=== Data section ===
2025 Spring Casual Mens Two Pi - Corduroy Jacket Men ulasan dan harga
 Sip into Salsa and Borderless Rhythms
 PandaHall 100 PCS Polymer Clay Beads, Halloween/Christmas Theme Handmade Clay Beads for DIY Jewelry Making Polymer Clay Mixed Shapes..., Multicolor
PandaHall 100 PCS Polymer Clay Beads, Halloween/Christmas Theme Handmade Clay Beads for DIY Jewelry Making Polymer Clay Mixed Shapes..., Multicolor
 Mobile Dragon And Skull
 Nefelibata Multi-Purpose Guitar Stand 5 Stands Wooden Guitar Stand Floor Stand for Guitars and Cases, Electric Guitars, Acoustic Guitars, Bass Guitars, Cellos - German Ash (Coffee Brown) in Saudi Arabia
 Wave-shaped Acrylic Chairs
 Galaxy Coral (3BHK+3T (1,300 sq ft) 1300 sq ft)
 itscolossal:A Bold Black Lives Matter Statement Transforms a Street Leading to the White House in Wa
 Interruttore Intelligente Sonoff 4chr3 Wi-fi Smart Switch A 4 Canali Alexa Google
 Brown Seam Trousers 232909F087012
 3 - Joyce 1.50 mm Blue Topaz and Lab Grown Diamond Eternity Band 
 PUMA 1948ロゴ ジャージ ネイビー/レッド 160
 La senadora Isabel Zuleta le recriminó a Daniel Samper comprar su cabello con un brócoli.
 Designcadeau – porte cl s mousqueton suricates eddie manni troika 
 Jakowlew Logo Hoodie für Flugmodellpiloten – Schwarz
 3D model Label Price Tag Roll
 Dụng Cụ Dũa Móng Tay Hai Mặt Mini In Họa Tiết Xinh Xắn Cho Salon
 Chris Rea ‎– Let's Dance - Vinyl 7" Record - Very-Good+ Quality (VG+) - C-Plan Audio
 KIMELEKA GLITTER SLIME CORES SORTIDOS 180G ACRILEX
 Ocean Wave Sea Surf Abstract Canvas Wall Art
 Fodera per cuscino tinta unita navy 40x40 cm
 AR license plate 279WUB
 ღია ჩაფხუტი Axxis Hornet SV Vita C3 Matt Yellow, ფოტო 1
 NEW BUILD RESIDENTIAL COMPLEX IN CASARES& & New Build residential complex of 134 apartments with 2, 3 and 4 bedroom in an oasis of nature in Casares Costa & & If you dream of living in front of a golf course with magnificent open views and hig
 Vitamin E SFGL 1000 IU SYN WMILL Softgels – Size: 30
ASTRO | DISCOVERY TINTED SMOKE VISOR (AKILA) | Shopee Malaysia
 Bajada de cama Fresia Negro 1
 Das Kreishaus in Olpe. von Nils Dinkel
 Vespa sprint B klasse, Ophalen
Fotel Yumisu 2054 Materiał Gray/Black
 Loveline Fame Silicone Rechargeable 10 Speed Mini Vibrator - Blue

=== Problem requirements ===
What lines in the listing include the string "Shapes"? Copy them out.

=== Completed exercise ===
 PandaHall 100 PCS Polymer Clay Beads, Halloween/Christmas Theme Handmade Clay Beads for DIY Jewelry Making Polymer Clay Mixed Shapes..., Multicolor
PandaHall 100 PCS Polymer Clay Beads, Halloween/Christmas Theme Handmade Clay Beads for DIY Jewelry Making Polymer Clay Mixed Shapes..., Multicolor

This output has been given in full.